We analyzed monthly NINO3.4 sea-surface temperature data47 with the temporal span of 1900–2010, as well as the simulated NINO3.4 time series extracted from 89 historic simulations of 15 different global climate models (see Table S1 in Supplementary Material) participating in the CMIP5 intercomparison project.28 Both observed and modeled NINO3.4 time series were centered to zero mean before entering the analysis.
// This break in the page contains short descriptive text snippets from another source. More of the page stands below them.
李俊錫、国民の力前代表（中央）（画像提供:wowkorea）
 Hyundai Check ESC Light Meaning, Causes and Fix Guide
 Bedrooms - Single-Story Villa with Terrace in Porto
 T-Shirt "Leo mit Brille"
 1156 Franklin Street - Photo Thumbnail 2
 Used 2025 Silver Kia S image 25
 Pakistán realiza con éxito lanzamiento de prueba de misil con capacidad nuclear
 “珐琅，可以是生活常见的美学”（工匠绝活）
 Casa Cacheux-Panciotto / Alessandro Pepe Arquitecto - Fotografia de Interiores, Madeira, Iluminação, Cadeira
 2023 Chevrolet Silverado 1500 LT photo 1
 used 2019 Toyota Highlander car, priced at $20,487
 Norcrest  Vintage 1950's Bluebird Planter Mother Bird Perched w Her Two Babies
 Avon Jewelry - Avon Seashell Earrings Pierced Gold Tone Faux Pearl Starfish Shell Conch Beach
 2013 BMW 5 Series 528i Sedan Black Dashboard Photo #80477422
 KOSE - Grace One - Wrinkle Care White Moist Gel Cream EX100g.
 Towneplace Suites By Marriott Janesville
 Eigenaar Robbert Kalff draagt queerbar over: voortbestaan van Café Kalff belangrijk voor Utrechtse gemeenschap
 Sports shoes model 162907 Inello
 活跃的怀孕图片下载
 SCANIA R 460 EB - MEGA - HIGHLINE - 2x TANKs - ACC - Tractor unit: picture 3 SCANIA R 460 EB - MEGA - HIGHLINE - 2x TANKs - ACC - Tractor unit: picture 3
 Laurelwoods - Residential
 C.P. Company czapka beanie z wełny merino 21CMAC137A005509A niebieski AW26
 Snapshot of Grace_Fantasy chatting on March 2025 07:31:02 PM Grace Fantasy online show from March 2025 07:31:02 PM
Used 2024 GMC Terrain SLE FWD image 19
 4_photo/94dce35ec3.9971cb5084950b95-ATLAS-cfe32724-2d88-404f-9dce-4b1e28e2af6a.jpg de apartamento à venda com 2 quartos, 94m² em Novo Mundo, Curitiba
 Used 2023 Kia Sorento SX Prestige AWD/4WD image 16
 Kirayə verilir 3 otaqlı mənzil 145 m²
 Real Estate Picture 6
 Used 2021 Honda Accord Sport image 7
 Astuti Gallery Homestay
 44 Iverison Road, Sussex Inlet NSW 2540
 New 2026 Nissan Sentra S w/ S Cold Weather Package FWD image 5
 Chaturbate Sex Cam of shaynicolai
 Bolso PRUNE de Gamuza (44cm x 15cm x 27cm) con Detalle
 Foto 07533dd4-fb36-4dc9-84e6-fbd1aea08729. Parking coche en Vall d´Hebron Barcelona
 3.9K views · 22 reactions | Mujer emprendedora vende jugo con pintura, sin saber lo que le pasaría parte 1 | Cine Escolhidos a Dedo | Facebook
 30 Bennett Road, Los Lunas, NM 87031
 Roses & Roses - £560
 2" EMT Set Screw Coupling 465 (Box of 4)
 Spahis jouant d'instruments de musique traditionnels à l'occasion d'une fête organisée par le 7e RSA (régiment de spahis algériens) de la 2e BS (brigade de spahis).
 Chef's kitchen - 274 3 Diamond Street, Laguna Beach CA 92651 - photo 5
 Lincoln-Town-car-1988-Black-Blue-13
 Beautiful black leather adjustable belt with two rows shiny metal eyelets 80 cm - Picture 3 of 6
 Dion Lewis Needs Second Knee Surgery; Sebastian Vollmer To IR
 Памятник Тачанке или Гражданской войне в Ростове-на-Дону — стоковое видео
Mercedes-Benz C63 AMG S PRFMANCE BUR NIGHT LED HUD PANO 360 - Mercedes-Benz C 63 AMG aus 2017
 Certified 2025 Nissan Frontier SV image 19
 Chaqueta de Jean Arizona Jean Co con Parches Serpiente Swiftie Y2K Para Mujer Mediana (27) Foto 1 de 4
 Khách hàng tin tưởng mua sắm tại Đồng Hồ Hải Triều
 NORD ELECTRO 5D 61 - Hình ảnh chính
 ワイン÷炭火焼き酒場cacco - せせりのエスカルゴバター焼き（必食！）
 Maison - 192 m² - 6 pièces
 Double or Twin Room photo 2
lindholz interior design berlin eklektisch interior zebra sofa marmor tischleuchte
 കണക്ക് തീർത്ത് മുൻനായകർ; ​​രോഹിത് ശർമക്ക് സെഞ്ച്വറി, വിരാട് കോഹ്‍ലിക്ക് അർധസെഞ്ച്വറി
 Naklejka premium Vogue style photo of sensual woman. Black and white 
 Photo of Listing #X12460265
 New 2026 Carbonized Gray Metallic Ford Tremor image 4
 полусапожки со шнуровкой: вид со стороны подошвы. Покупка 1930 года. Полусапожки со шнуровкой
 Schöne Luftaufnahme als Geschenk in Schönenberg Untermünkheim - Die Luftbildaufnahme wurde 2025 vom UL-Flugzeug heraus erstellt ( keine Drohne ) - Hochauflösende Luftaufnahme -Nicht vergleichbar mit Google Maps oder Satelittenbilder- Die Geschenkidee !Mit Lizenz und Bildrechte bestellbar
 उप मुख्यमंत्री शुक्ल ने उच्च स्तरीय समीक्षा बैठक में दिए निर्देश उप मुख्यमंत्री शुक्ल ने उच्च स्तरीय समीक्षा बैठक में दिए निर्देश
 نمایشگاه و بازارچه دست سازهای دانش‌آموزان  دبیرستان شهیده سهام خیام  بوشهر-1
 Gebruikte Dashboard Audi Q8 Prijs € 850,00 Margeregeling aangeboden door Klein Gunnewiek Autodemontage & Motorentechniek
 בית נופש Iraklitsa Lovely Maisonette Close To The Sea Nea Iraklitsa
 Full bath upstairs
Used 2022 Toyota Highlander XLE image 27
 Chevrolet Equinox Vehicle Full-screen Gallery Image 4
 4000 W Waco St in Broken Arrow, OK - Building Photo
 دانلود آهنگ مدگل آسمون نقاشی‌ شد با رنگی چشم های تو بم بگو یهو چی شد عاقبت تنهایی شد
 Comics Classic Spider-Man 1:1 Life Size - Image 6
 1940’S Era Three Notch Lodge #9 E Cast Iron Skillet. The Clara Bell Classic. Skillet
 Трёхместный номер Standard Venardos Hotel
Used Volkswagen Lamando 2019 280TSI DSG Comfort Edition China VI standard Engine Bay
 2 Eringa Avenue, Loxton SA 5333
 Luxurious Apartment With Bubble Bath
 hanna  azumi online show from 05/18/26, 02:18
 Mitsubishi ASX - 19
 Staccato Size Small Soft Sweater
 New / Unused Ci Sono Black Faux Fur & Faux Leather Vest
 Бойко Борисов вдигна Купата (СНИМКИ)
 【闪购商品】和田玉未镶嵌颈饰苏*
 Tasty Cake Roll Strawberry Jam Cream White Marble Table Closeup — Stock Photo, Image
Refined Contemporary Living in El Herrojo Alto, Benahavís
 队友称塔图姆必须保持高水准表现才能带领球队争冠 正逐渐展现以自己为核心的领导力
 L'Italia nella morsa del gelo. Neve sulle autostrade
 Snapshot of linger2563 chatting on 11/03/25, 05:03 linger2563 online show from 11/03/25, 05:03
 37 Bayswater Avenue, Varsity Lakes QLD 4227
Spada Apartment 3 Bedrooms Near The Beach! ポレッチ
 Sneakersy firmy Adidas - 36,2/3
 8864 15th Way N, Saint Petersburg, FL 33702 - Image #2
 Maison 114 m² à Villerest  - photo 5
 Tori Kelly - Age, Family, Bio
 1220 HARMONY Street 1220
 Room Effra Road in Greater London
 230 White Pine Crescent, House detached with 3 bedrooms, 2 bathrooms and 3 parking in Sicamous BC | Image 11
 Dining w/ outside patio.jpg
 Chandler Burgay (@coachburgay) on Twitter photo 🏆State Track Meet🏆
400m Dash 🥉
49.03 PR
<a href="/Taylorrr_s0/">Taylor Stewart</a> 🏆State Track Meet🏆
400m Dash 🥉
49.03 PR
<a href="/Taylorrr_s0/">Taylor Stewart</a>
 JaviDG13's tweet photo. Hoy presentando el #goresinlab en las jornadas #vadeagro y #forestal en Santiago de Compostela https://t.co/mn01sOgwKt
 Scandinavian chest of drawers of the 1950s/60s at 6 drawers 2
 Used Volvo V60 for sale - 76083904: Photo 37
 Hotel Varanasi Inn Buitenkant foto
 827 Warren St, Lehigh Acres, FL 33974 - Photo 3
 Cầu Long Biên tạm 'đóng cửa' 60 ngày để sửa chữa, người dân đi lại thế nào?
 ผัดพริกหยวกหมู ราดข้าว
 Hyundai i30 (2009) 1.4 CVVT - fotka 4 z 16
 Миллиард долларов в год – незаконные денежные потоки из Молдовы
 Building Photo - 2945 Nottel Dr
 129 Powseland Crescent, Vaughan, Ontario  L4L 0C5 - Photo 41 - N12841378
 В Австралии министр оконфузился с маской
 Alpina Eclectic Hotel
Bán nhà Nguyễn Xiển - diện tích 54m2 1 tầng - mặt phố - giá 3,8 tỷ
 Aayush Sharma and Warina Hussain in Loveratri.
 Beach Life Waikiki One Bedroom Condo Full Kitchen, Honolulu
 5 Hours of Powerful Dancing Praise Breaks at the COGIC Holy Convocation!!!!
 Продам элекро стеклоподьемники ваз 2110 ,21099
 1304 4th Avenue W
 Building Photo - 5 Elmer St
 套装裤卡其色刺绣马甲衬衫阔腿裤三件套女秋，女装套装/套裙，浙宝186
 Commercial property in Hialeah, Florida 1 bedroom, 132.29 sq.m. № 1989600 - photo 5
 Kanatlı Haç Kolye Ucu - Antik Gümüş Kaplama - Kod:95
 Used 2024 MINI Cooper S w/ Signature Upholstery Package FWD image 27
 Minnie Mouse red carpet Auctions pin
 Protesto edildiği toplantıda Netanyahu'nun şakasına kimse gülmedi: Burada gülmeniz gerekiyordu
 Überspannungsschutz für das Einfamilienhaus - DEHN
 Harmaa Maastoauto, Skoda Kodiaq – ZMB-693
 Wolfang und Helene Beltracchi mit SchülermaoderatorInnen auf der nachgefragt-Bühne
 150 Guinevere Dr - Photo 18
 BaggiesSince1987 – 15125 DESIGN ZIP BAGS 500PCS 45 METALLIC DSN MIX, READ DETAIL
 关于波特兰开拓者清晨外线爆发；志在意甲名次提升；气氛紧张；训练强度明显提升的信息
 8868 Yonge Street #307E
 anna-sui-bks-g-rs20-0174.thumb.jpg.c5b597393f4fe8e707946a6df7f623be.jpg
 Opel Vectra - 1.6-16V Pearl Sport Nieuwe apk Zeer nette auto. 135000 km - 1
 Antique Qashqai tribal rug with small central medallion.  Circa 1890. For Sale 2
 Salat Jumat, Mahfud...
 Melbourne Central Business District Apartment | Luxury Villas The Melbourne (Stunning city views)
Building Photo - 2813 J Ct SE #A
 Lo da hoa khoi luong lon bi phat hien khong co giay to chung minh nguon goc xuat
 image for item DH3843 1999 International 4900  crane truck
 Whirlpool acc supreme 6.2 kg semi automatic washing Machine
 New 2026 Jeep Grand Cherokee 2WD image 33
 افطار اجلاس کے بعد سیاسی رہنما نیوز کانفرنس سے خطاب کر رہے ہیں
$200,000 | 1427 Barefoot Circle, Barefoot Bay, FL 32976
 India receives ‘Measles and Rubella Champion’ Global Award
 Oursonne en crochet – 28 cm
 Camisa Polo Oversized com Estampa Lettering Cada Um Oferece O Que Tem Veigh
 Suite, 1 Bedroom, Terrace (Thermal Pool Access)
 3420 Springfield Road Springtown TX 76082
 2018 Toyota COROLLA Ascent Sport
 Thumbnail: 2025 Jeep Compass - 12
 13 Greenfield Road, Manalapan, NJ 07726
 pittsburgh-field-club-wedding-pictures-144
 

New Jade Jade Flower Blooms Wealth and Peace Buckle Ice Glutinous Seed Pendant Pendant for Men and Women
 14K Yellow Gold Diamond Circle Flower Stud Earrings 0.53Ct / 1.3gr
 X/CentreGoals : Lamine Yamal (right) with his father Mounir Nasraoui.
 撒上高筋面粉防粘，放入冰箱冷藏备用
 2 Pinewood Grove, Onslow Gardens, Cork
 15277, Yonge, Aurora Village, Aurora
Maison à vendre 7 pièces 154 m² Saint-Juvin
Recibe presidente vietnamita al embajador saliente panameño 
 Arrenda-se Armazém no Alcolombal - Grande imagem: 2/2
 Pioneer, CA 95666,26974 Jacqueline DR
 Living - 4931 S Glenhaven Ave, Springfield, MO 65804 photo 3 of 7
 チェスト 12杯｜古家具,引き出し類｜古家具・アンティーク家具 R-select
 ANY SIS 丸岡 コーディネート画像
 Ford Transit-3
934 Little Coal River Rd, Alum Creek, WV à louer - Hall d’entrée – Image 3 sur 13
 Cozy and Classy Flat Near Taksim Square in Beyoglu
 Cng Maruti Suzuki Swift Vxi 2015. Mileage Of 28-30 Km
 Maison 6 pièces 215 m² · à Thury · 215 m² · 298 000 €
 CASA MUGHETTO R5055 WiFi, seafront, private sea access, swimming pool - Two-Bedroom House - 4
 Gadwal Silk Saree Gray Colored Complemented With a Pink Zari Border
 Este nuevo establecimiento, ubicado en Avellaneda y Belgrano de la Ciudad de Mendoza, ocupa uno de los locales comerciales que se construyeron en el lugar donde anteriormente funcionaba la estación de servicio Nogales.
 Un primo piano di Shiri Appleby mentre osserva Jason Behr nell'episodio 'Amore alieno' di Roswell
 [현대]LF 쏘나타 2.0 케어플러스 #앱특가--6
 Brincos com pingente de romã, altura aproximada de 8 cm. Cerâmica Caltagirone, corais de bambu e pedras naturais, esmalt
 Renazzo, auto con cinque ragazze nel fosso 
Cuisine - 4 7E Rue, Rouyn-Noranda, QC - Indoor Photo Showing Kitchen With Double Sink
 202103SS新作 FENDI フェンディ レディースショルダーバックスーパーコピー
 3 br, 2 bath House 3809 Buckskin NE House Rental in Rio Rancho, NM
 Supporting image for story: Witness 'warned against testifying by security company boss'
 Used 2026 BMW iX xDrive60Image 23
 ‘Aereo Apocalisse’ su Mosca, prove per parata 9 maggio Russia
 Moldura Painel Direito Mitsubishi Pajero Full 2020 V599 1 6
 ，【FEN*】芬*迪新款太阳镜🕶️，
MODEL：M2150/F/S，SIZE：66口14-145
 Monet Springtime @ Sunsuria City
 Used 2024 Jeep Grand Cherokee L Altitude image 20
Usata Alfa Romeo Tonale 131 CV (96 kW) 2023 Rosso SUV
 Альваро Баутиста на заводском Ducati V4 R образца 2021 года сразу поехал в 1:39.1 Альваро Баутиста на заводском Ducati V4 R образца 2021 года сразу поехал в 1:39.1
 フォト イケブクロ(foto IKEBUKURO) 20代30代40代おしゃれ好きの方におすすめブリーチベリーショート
Following Paluš,22,23 we studied interactions between the processes dominated by different time scales using the phase dynamics approach.48 In particular, we first applied, to the NINO3.4 time series, the complex continuous wavelet transform (CCWT) with Morlet mother wavelet29 and obtained time-dependent complex wavelet coefficients ψp(t) for a given central period p, from which we extracted the instantaneous phase, ϕp(t), and amplitude, Ap(t), time series. Subsequently, we computed the (conditional) mutual information I49 and applied a randomization procedure24 to establish a statistical significance of the results. The methods are in detail described in the Supplementary Material. The Supplementary Material moreover discusses possible artefacts of our method and their control and robustness analyses of our results.